- [Available data]
# # #

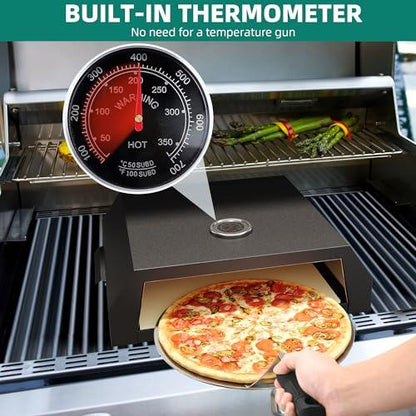 YITAHOME Pizza Oven for Grill, Grill Top Pizza Oven with Pizza Peel & Pizza Cutter, Portable Outdoor Pizza Maker with Thermometer for Charcoal Grill, Gas Grill, Propane Grill - CookCave
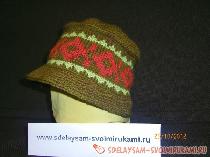 Теплая вязаная шапка к зиме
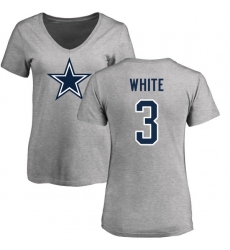 NFL Women's Nike Dallas Cowboys #3 Mike White Ash Name & Number Logo Slim Fit T-Shirt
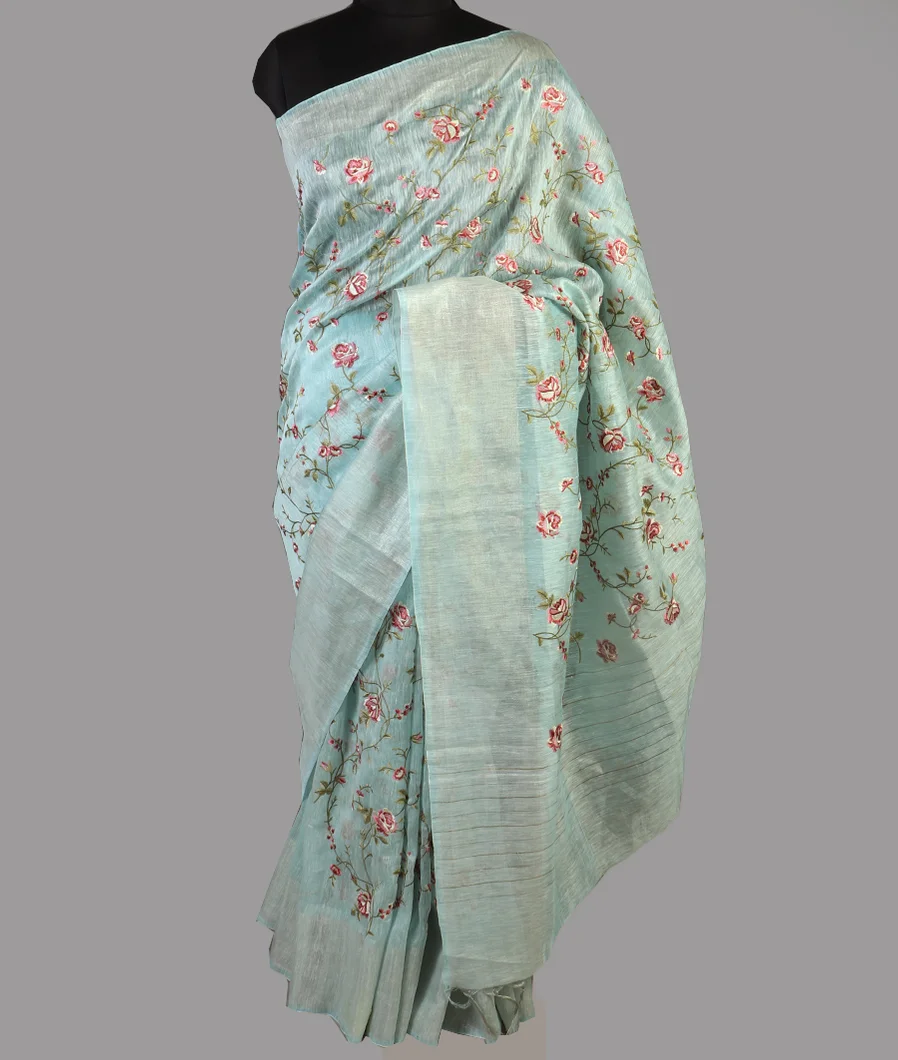 Blue Linen Embroidery Saree T4688322
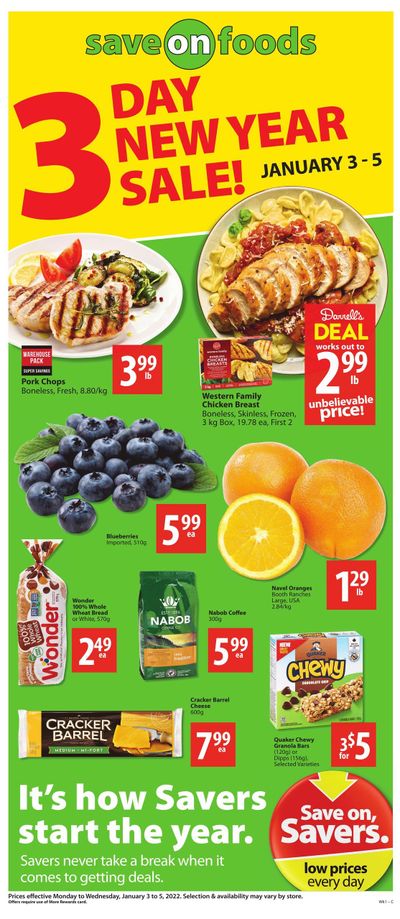 Save on Foods (SK) Flyer January 3 to 5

# # #

- [Requirement]
Word for word, set down the lines from the line with "Теплая вязаная шапка к зиме" through the last line of the entries, and nothing else; the pictures stay out.

- [Response to the exercise]
 Теплая вязаная шапка к зиме
 NFL Women's Nike Dallas Cowboys #3 Mike White Ash Name & Number Logo Slim Fit T-Shirt
 Blue Linen Embroidery Saree T4688322
 Save on Foods (SK) Flyer January 3 to 5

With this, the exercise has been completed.